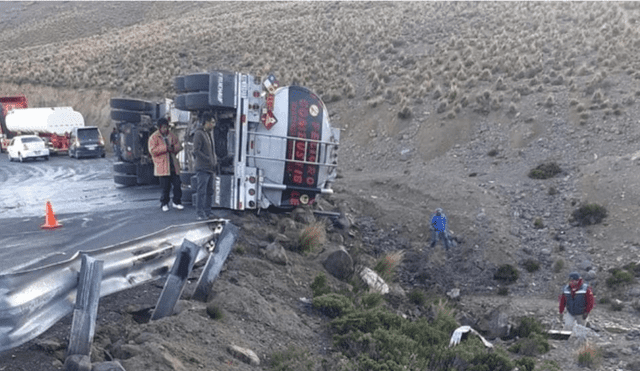 Accidente. Camión cisterna de Bolivia sufrió volcadura y provocó derrame en las fuentes de agua de Moquegua. Foto: La República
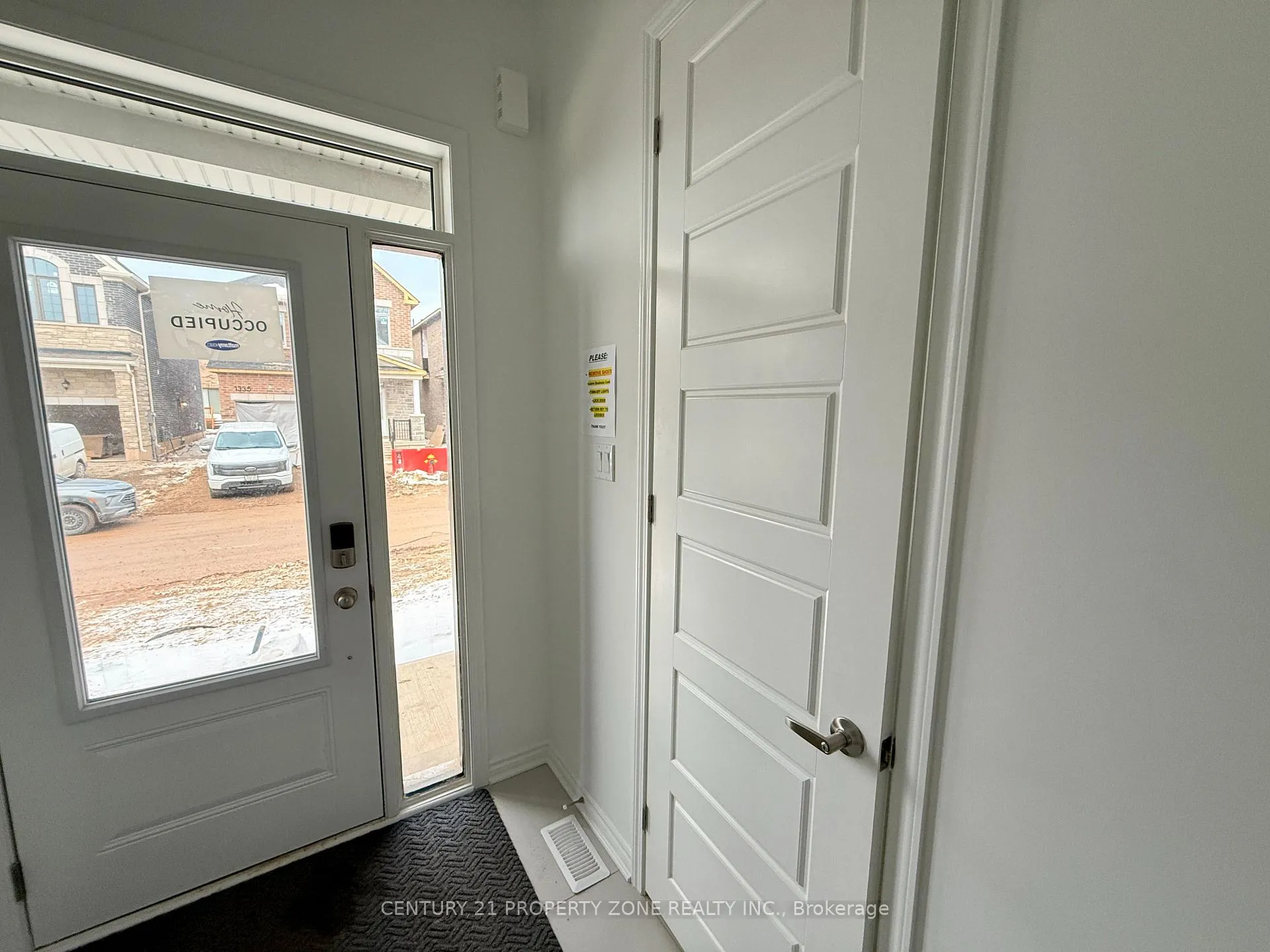 Photo 9 of 1340 Hearns Place, Milton, Bowes — HOMEH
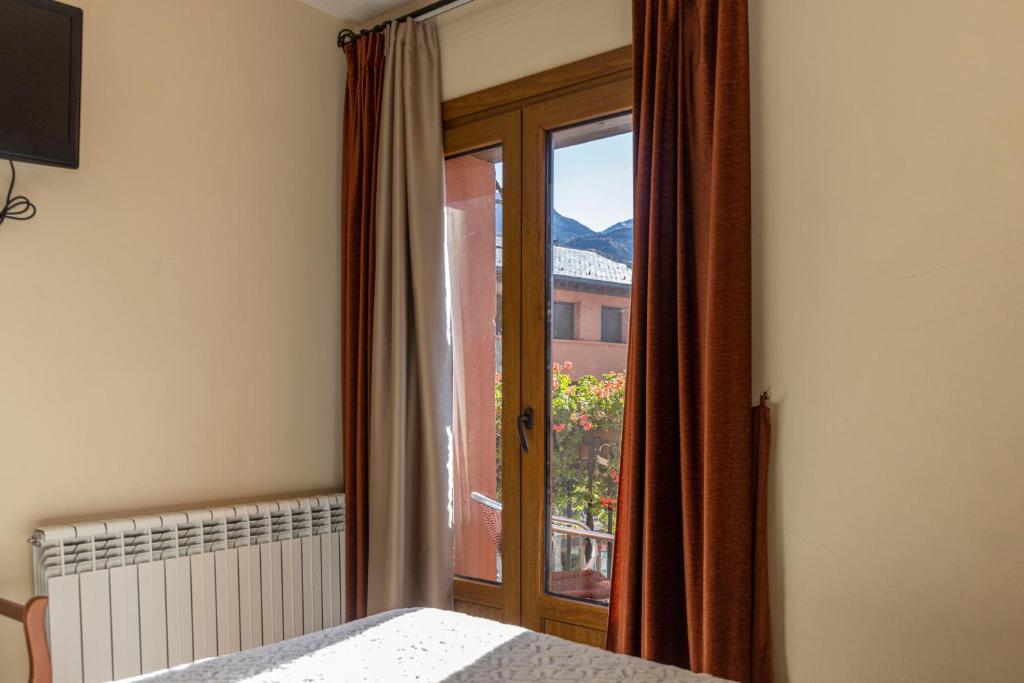 Postel nebo postele na pokoji v ubytování Hotel Solana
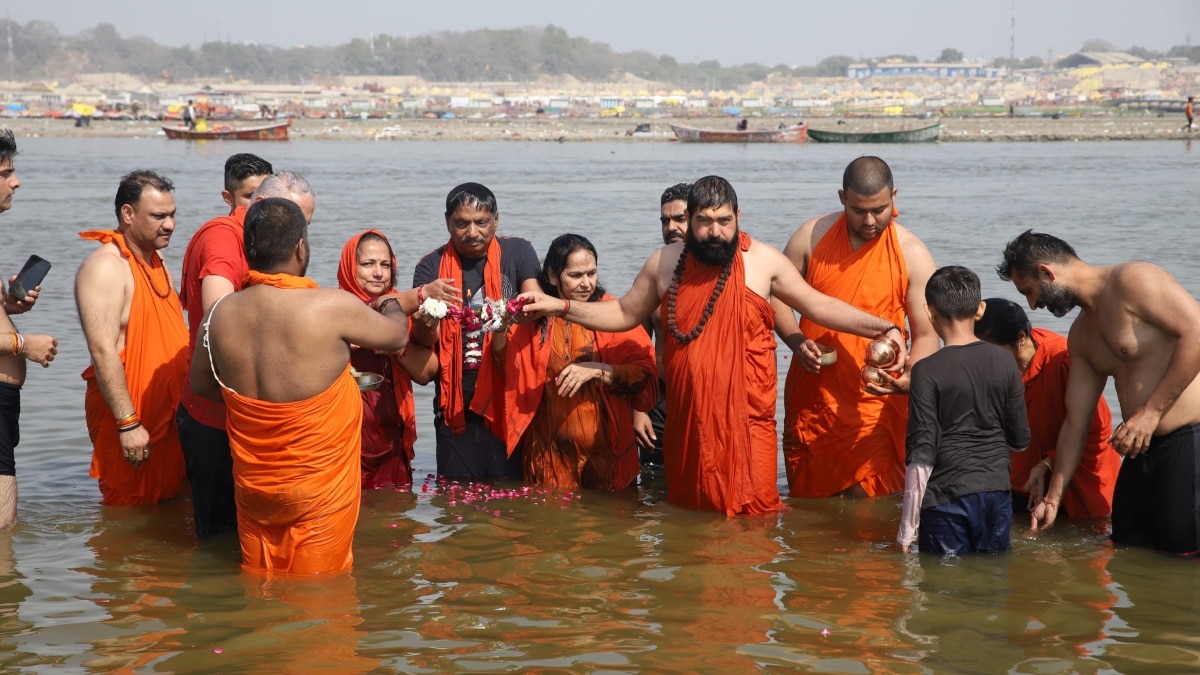 Maha Kumbh 2025: माघी पूर्णिमा के साथ समाप्त होगा कल्पवास, इन्हें मिलेगी बंधन से मुक्ति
· · · · ·
__Instructions to follow__
Copy out all of the data word for word. Do not carry over any picture.

__Answer to this task__
 Accidente. Camión cisterna de Bolivia sufrió volcadura y provocó derrame en las fuentes de agua de Moquegua. Foto: La República
 Photo 9 of 1340 Hearns Place, Milton, Bowes — HOMEH
 Postel nebo postele na pokoji v ubytování Hotel Solana
 Maha Kumbh 2025: माघी पूर्णिमा के साथ समाप्त होगा कल्पवास, इन्हें मिलेगी बंधन से मुक्ति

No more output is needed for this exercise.